SOUTHFIELD, Mich. -- Of the 30 or so people gathered for A&P's annual meeting last week, fewer than 10 were ordinary shareholders -- but Wall Street gadfly Evelyn Y. Davis made up in stridency and volume for any lack of shareholder numbers.

Davis, self-proclaimed "most famous stockholder in the country if not the world," badgered Christian Haub, A&P's chief executive officer, about a board decision that directors must hold at least $150,000 in company stock, saying the amount was too much. She also took the bemused-looking Haub to task over the company's choices for annual meeting locations in what she termed "ridiculous places."

"People in Detroit have me to thank for the fact that you met in Detroit instead of ridiculous places like last year -- Thunder Bay, Canada!" she said.

The Haub family, which controls a majority stake in the company through its Tengelmann Group in Mulheim, Germany, was clearly on cordial terms with Davis. Helga Haub, a director reelected on Tuesday, greeted her with the traditional European kiss on each cheek. A stockholder proposal authored by Davis that would have required corporate meetings only in major cities failed to pass at the meeting, but Christian Haub indicated informally that future meetings would take place in major urban centers closer to the East Coast.
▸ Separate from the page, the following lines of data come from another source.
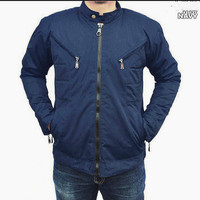 Jaket motor harian musim hujan anti air tahan angin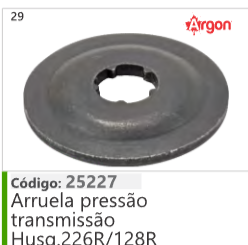 29 Código 25227 Arruela pressão transmissão Husqvarna 226R/128R ARGON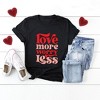 Simply Sage Market Women's Love More Worry Less Short Sleeve Graphic Tee - 3 of 4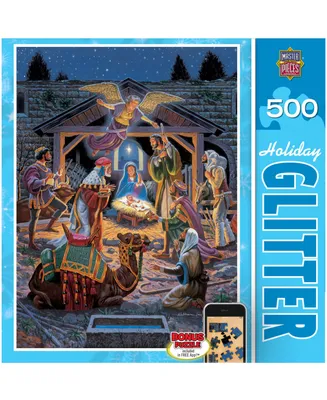 Holiday Glitter Jigsaw Puzzle - Holy Night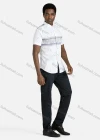 Wholesale Men's Abstract Print Button Down Short Sleeve Casual Shirt - Liuhuamall
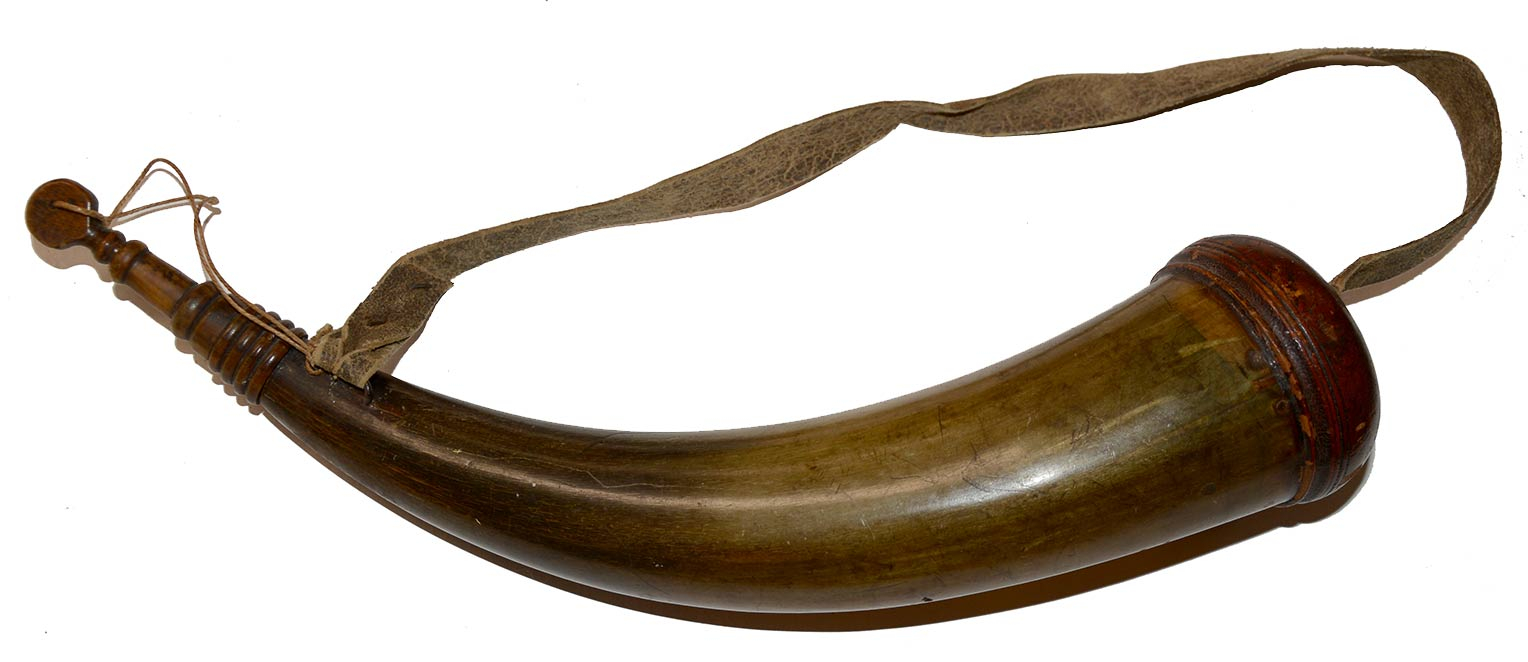 RARE YORK COUNTY PENNSYLVANIA SCREW-TIP POWDER HORN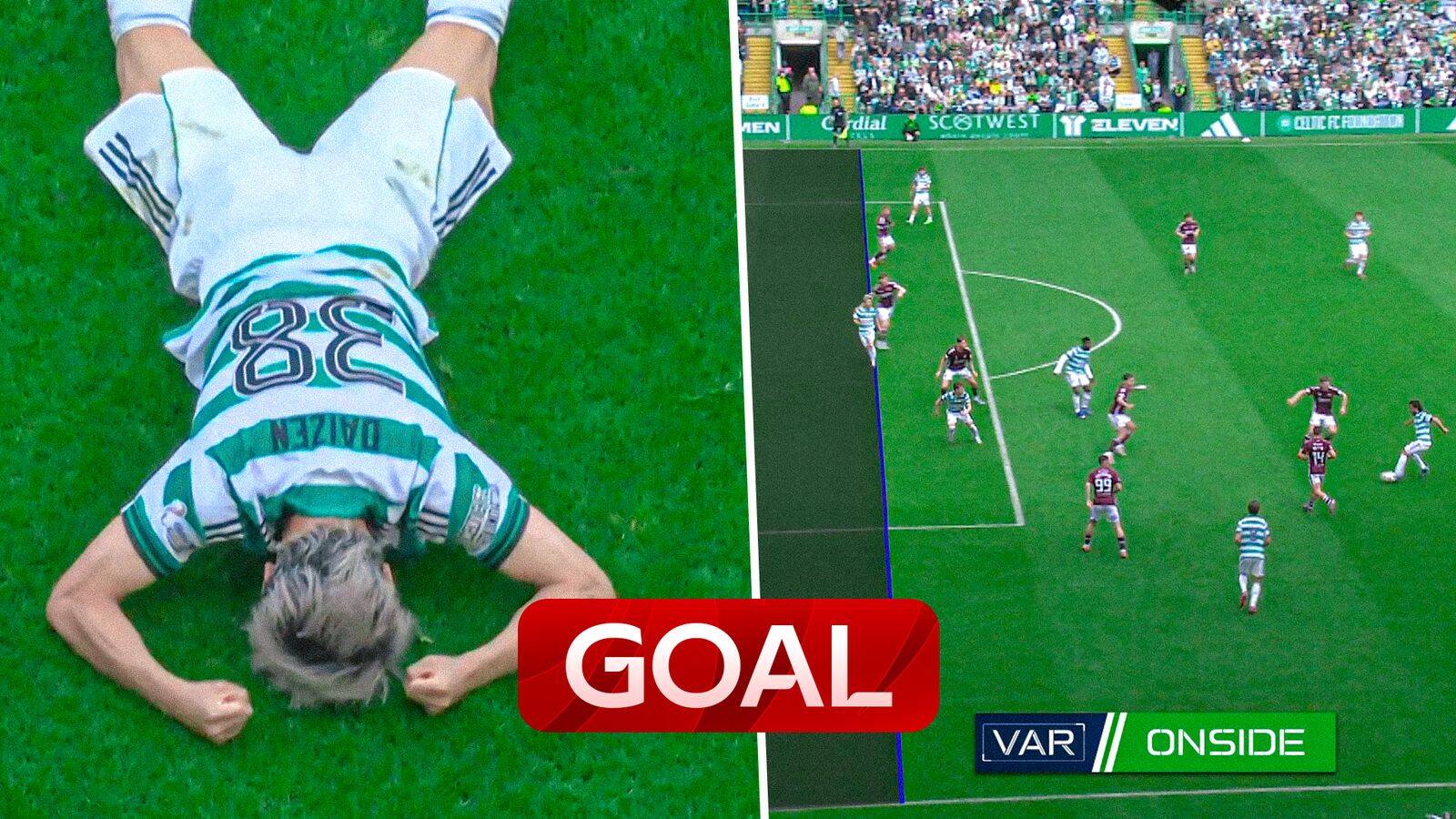 INCREDIBLE! Celtic beat Hearts to the title after VAR awards goal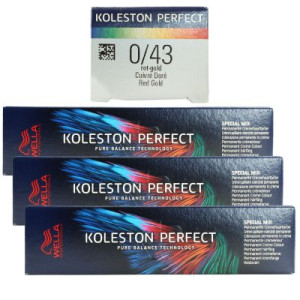 Wella Koleston Perfect ME Special Mix 3 x 60 ml 0/43 Rot Gold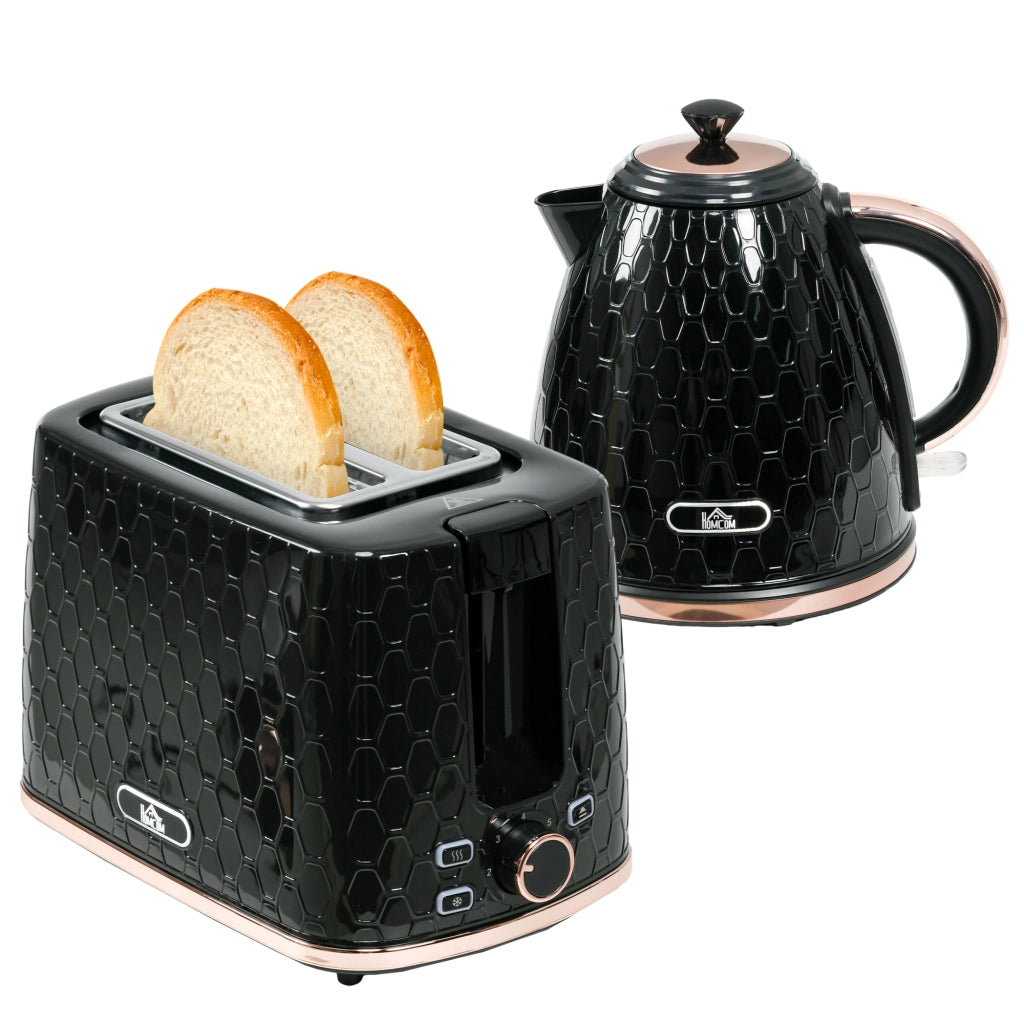 Bollitore e Tostapane Set ¨C Minimal ¨C 1.7L Nero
Directors and executives chose to meet in a hotel conference room in Southfield, a northern Detroit suburb, this year in order to be near A&P's new bare-bones Food Basics stores, which executives toured on Monday. A&P recently closed 13 Detroit-area Farmer Jack outlets and converted 10 of them to Food Basics, an emphasis designed both to stop the bleeding from the Farmer Jack banner and to stabilize the A&P U.S. strategic business unit with a tactical approach to inroads by retailers including Wal-Mart Stores.

Key to the Food Basics no-frills model is a limited product selection of only 7,000 to 8,000 stockkeeping units, compared with the 60,000 SKUs in full-service stores, and reduced labor costs reached through special bargaining with the United Food and Commercial Workers union.

No new financial performance data were released at the annual meeting. First-quarter results for A&P are expected to be discussed in an investors' conference call in late July. Without a full year's performance under their belt, it's hard to judge how the Detroit-area stores are doing, the company said, though Haub said he expected them to track the success of other converted Food Basics stores in the Northeast.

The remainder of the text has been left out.